• Sonuç bulunamadı

3. ÜNİVERSİTE, AKADEMİK ÖRGÜT VE KORKU

3.2. Üniversitede Örgütsel Davranış ve Korku Faktörleri

Öğretim elemanları yaşadıkları korkularıyla birlikte diğer sınıflardan ayrılmamasına rağmen atanma koşulları ve dikey hareketlilikte kazanç-kayıp ilişkisi içinde farklılıklar yaşayabilmektedirler. Bu farklılıkların ortaya konabilmesi için öğretim elemanlarını örgütsel davranış bağlamında ve toplum içindeki mesleki konumlarını ve tartışmak gerekmektedir.
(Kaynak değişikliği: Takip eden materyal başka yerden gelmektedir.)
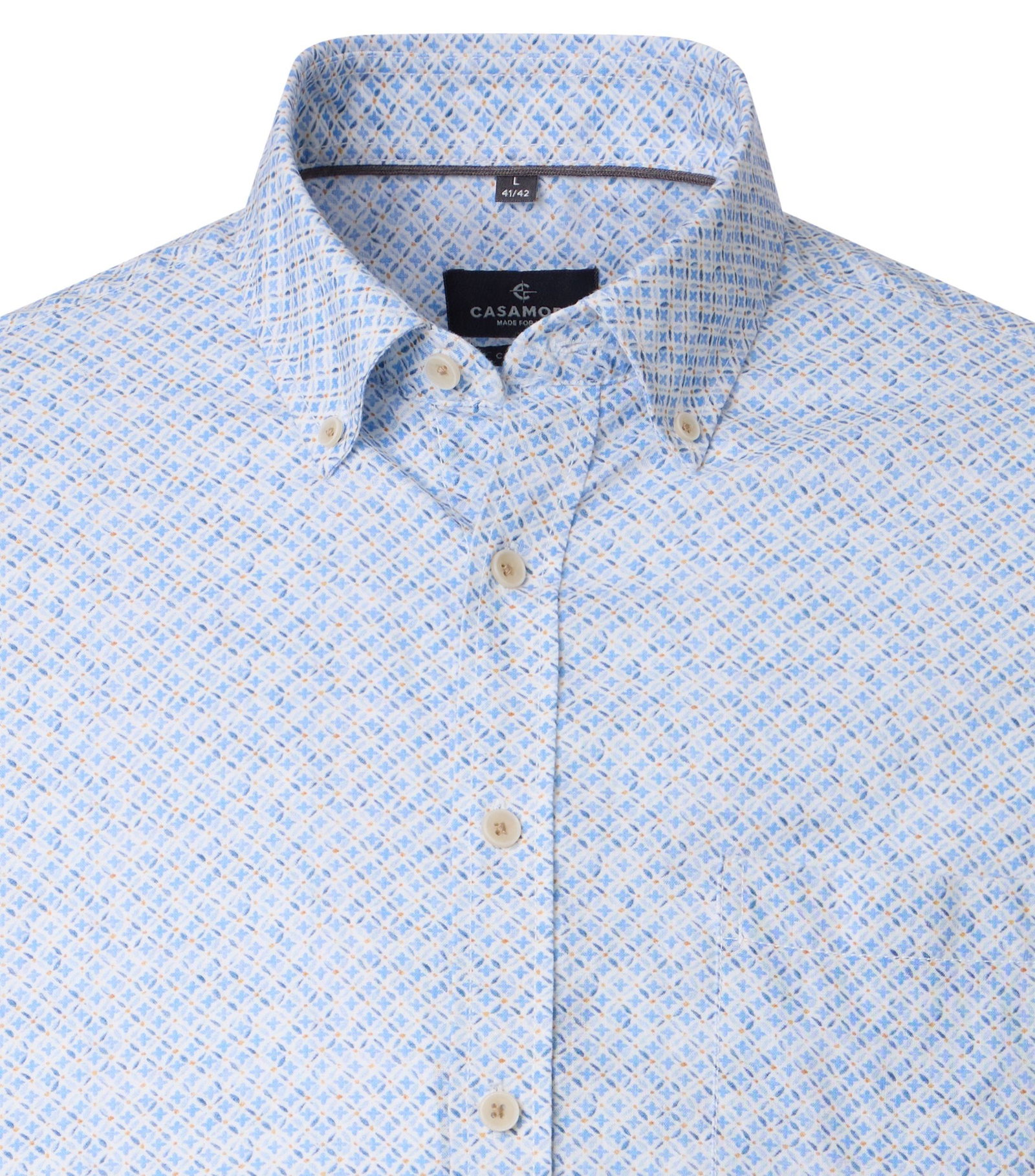 Casa Moda |  Casa Moda Hemd Regular Fit  | L | blau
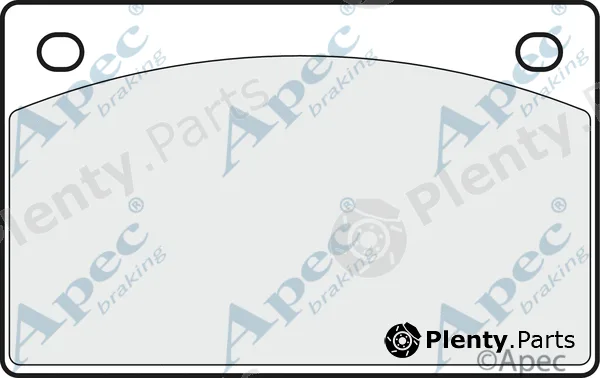 Apec PAD1935 — Brake Pad Set, disc brake Apec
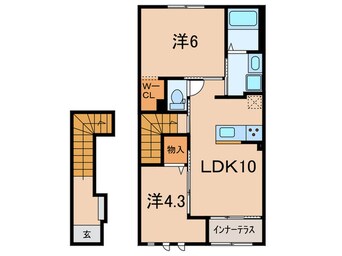 間取図 仮)大久保町谷八木新築アパート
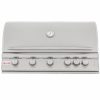 Blaze 40 Inch 5-Burner LTE Gas Grill with Rear Burner and Built-in Lighting System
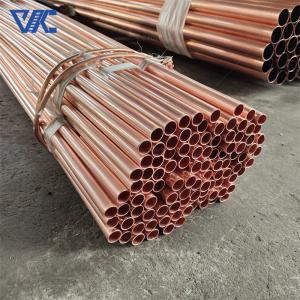 Wholesale 99.9% Pure Copper Pipe C12200 Copper Tube for air conditioning systems from china suppliers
Örgütsel davranış görev, rol ve ortamın etkileşimin ürünüdür. Örgütün normlarına bağlı olarak elemanlarında oluşan davranıştır. Başaran, örgütsel davranışı birbiriyle etkileşim halinde olan üç sistemin sonucunda oluştuğunu söylemektedir. Bu üç sistem şunlardır:

1. Örgütün varoluşunu sağlayan davranışı gerçekleştiren elemanlardan oluşan “Ben sistemi”dir.

2. Örgütün kuruluş nedeni olan amaçlarını gerçekleştirmeye, elemanlarının gereksinmelerini karşılamaya yardımcı olan, kişiler arası ilişkiler dokusu, örgütün kültürel yapısı ile kümeleşme rol yapılarından oluşan “örgütün toplumsal çevresi”dir.
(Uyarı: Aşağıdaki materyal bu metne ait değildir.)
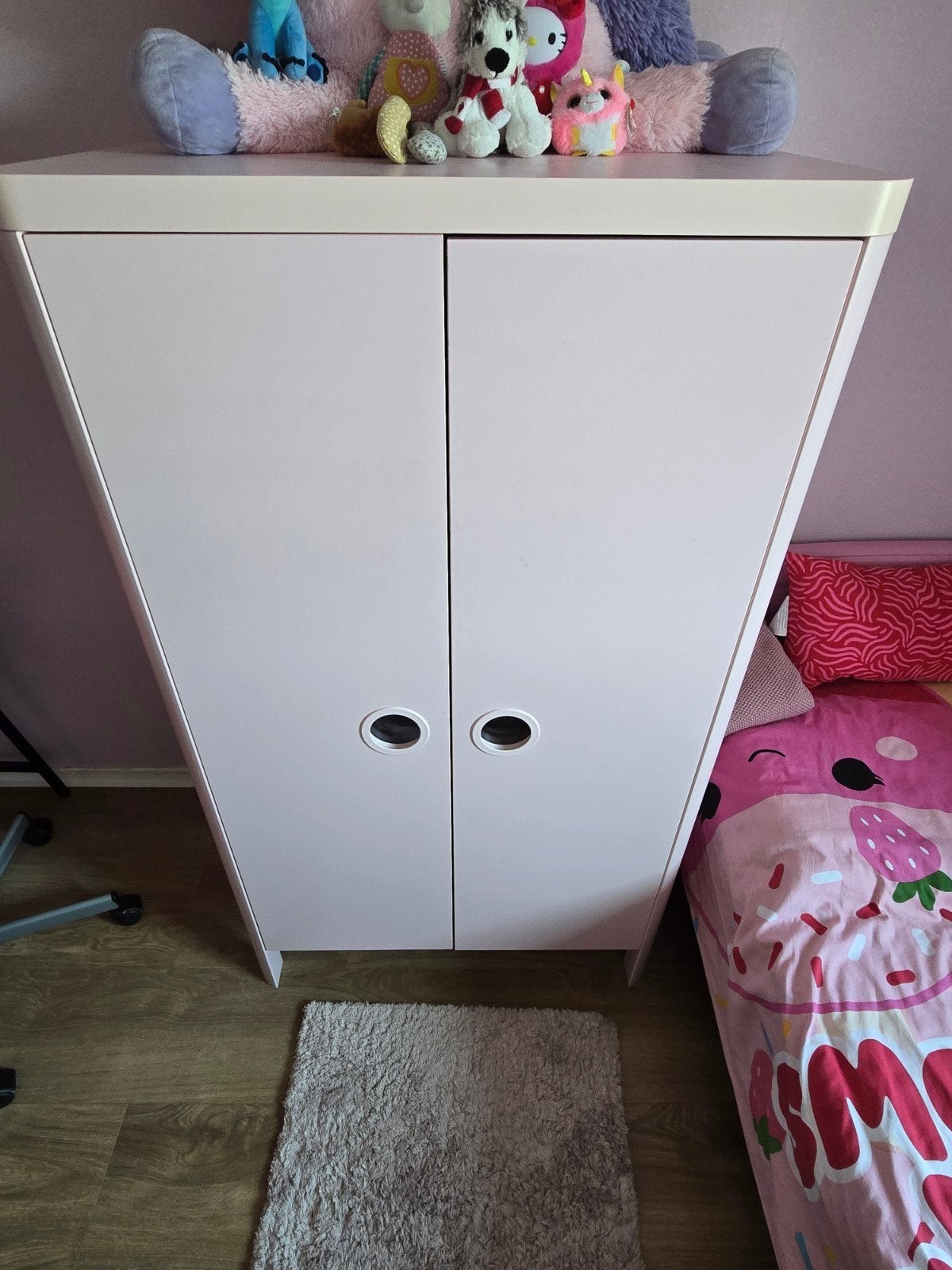 Roze meisjes kledingkast Ikea Busunge, Ophalen of Verzenden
3. Örgütün amaçlarını gerçekleştirecek görevleri ve bunların araçları olan fiziksel, teknik, teknolojik varlıkları içeren; örgütün görev, yetke üretim yapılarından oluşan “örgütün işlevsel çevresi”dir (Başaran, 1982:16).
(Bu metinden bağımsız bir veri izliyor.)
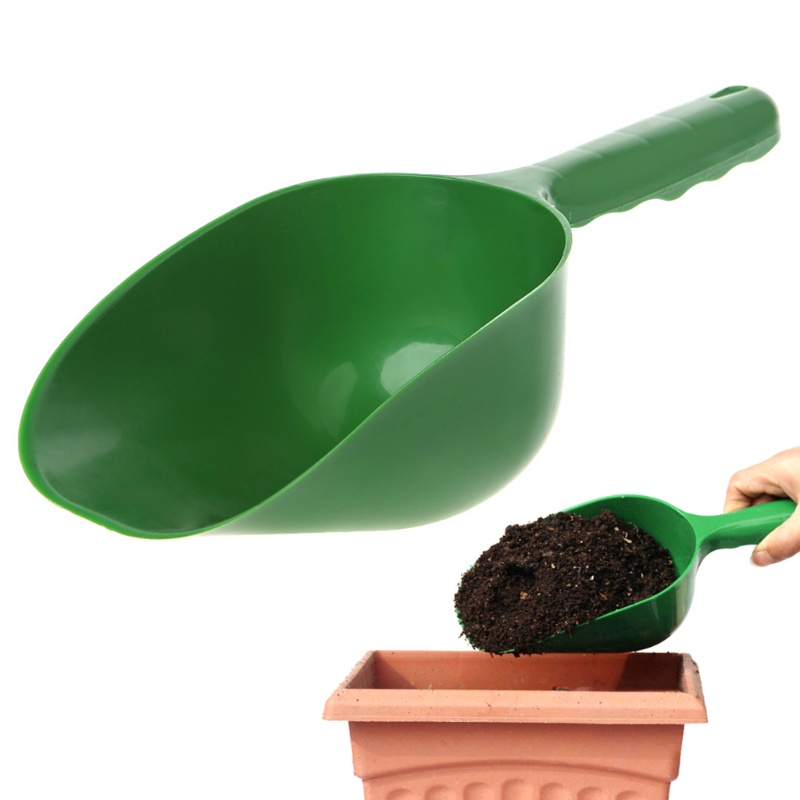 Yu garden scoop multi-function soil plastic shovel spoons công cụ đào đất trồng trọt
Akademik örgüt yapısı örgütsel davranış olarak incelendiğinde elemanlarının diğer meslek gruplarına göre kendini gerçekleştirme idealinin ve başarı dürtüsünün daha yüksek olduğu söylenebilir (Kaya, 2006:44). Toplumun, kurumun ve ailenin beklentisiyle paralel oluşan bu ideal, aynı kurumda çalışan elemanların genel ideali olduğunda rekabet, üst düzeye taşımaktadır. Maslow’un ihtiyaçlar hiyerarşisinde en tepe noktasına yerleştirdiği kendini gerçekleştirme ihtiyacı, toplum içinde belirli bir statüye ulaşmış, ekonomik ve sosyal güvencesini sağlamış, kişisel saygınlığı kazanmış kişilerde yaratıcı, yapıcı ve başarma gücünü, gerçek özgürlüğe ulaşmayı içermektedir. (Sabuncuoğlu, Tüz, 2001:139). Örgüt olarak üniversitelerin amaçlarına ulaşması ve toplumun çağdaşlaşma yönünde ilerlemesi için şart olan bu ihtiyacın doyurulması gerekmektedir. Bunun için örgüt elemanlarına gerekli olan fiziksel ortamlar ve teknik varlıklara ulaşım kolaylaştırılmalıdır. Örgüt yapısında ki atanma kriterlerine bağlı olarak örgüt içi öznel kararların atanmayı etkilemesi, örgüt içerisinde fiziksel ve teknik varlıklara ulaşmanın engellenmesi, görev ve yetke dağılımında adaletsizlik algısının oluşması bu ihtiyacın ve

idealin örgüt elemanlarında oluşmasını engellerken, oluşmuş bireylerin engellenmesi sonucunda ise öfkeye neden olabilmektedir.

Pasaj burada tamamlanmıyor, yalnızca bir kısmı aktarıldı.